Два портрета цикла — «Марфинька» и «Ниночка» — в 1951 году были удостоены Государственной премии СССР. Творческая активность Коненкова, гражданственность его искусства, актуальность его работ, чуткость к событиям современности ставили его в центр жизни.

Март 1951 года. Мир потрясло известие о казни греков-коммунистов. Открыв «Правду», Коненков прочел сообщение, страшное своей дикой несправедливостью. «Именем его величества короля Павла I приговариваются к смертной казни Белоянис, Иоа Ниду, Грамменос». Тут же были предсмертные слова Белояниса:

«Мы хотим видеть над Грецией зарю лучших дней, боремся против голода и войны, для этого мы жертвуем своей жизнью».

С газетной полосы смотрел улыбающийся Никос Белоянис. Герой улыбался, в руке его — красная гвоздика. Он был уверен в конечной победе справедливости, в торжестве свободы. Увидев фотографию человека, победившего смерть, Коненкову захотелось сейчас же увековечить его в мраморе… Цветок, который держит в руке Никос Белоянис, — это не обычная деталь, не атрибут, а стержень образа.

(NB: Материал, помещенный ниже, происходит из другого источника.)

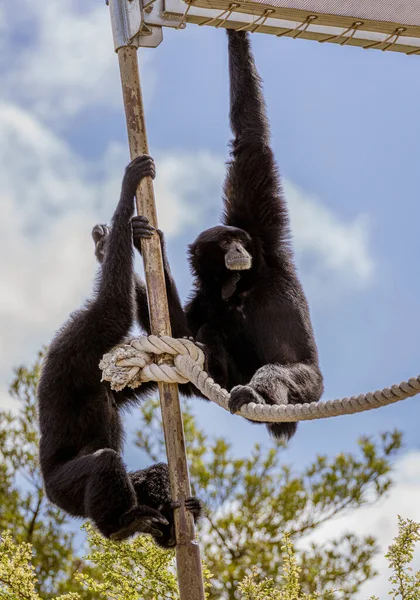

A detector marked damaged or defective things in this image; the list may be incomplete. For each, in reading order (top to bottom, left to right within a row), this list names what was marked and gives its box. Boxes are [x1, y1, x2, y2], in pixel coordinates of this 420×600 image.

rusty pole section [116, 44, 205, 596]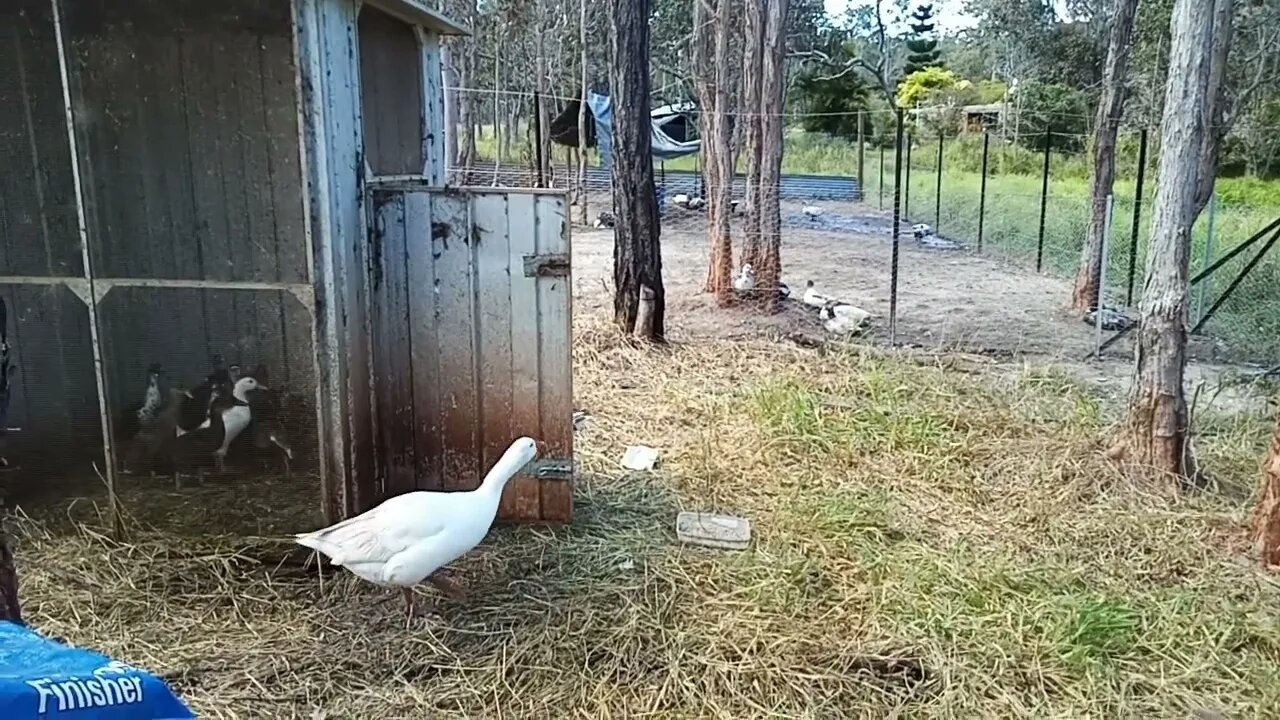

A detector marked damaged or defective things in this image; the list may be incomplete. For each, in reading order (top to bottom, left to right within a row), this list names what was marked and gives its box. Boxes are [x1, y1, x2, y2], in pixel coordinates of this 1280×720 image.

rusty metal door [366, 181, 576, 520]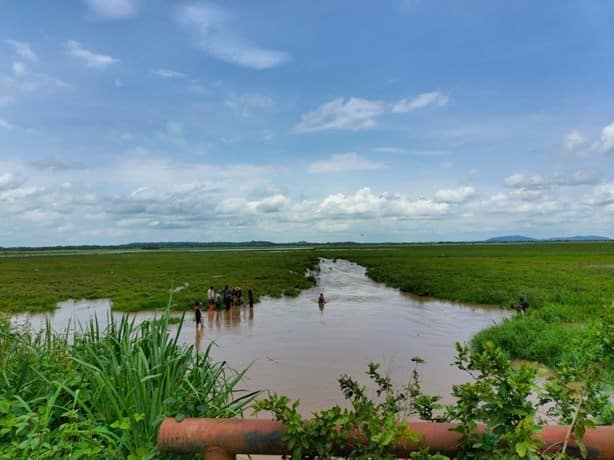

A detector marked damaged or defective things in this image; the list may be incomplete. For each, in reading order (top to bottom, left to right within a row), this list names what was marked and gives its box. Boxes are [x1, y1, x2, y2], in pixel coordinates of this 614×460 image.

rusty metal pipe [158, 418, 614, 458]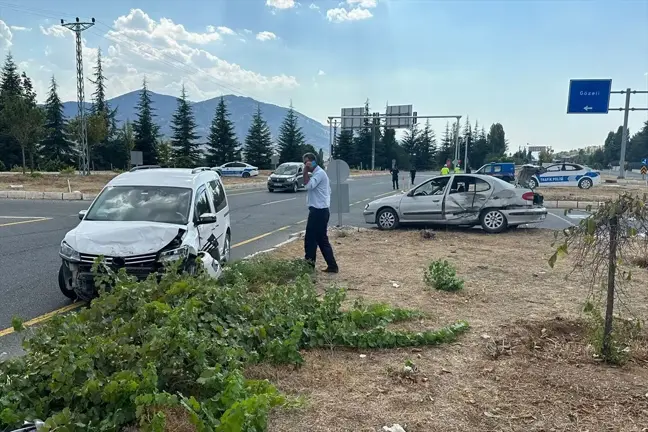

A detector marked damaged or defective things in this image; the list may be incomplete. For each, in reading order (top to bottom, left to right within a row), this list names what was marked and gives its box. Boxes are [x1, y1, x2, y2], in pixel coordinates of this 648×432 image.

damaged white van [57, 165, 232, 300]
damaged silver sedan [364, 173, 548, 233]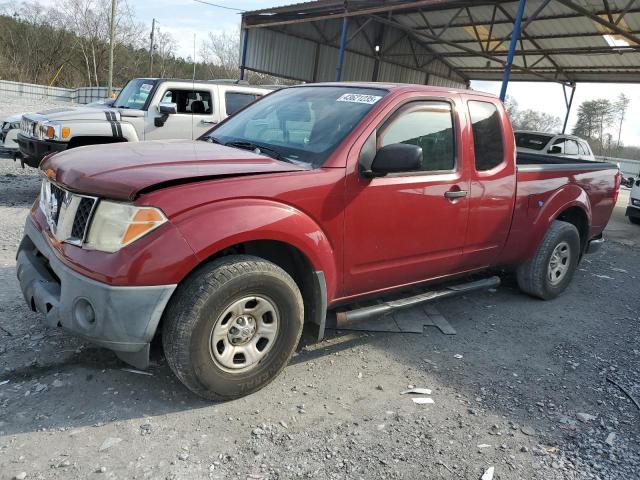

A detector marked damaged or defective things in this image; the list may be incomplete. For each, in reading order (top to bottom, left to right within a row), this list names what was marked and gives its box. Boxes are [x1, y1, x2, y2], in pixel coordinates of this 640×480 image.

damaged front bumper [16, 218, 176, 368]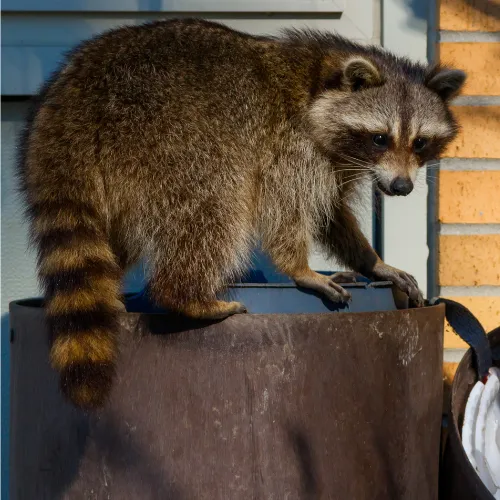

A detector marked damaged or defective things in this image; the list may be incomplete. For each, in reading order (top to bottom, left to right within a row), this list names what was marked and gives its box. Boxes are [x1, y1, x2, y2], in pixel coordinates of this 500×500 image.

rusty metal container [9, 286, 444, 500]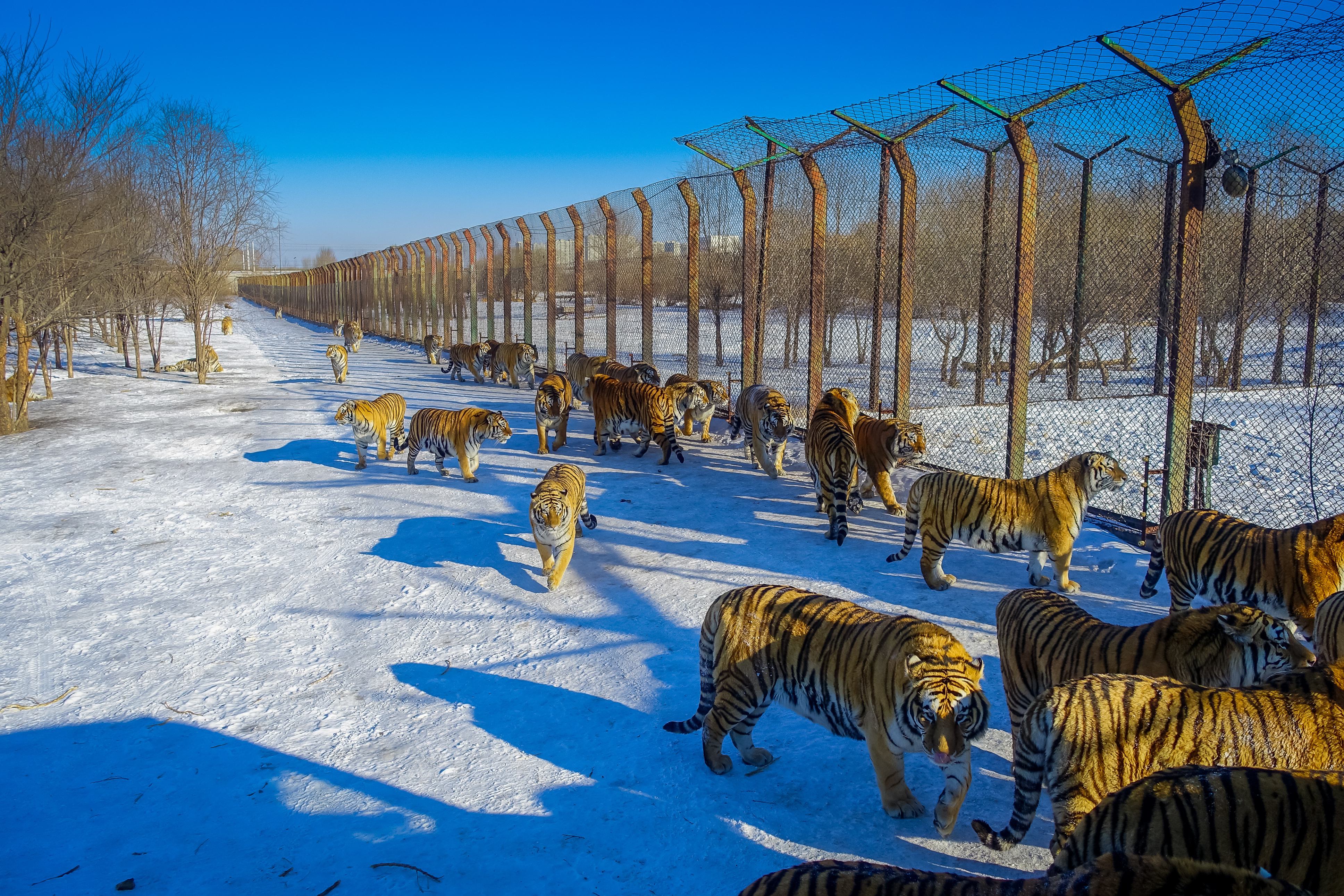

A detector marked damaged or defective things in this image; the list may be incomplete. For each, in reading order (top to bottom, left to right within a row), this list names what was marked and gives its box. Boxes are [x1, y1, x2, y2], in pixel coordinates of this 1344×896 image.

rusty metal post [462, 229, 478, 341]
rusty metal post [481, 226, 497, 341]
rusty metal post [497, 223, 511, 341]
rusty metal post [516, 217, 532, 346]
rusty metal post [540, 212, 556, 371]
rusty metal post [570, 206, 586, 354]
rusty metal post [599, 196, 618, 357]
rusty metal post [631, 188, 653, 360]
rusty metal post [682, 180, 704, 381]
rusty metal post [731, 172, 763, 387]
rusty metal post [796, 156, 817, 416]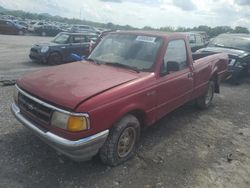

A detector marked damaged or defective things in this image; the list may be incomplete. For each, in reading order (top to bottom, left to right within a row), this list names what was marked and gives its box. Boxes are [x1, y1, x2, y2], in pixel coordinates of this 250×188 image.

Никос Белоянис наклоняется к цветку. Это последнее движение приговоренного к смерти. Самоотверженный коммунист благословляет жизнь, дивный воздух и свет…

Коненков в короткий срок, какие-то пять-шесть дней, создает проникновенный образ. Тихая, прощальная улыбка Белояниса, гвоздика в его руке потрясают сердца. Плакали, не стесняясь облегчающих душу слез, греческие патриоты, соратники Белояниса. Им первым показал ваятель мраморный образ героя. Замирало сердце у тысяч зрителей в Москве и Ленинграде, Киеве и Смоленске, Праге и Будапеште, когда они оказывались один на один с этим бюстом. В Греции антифашисты распространяли снимки со скульптуры Никоса Белояниса, и это патетическое изображение народного героя поднимало на борьбу против кровавого профашистского режима…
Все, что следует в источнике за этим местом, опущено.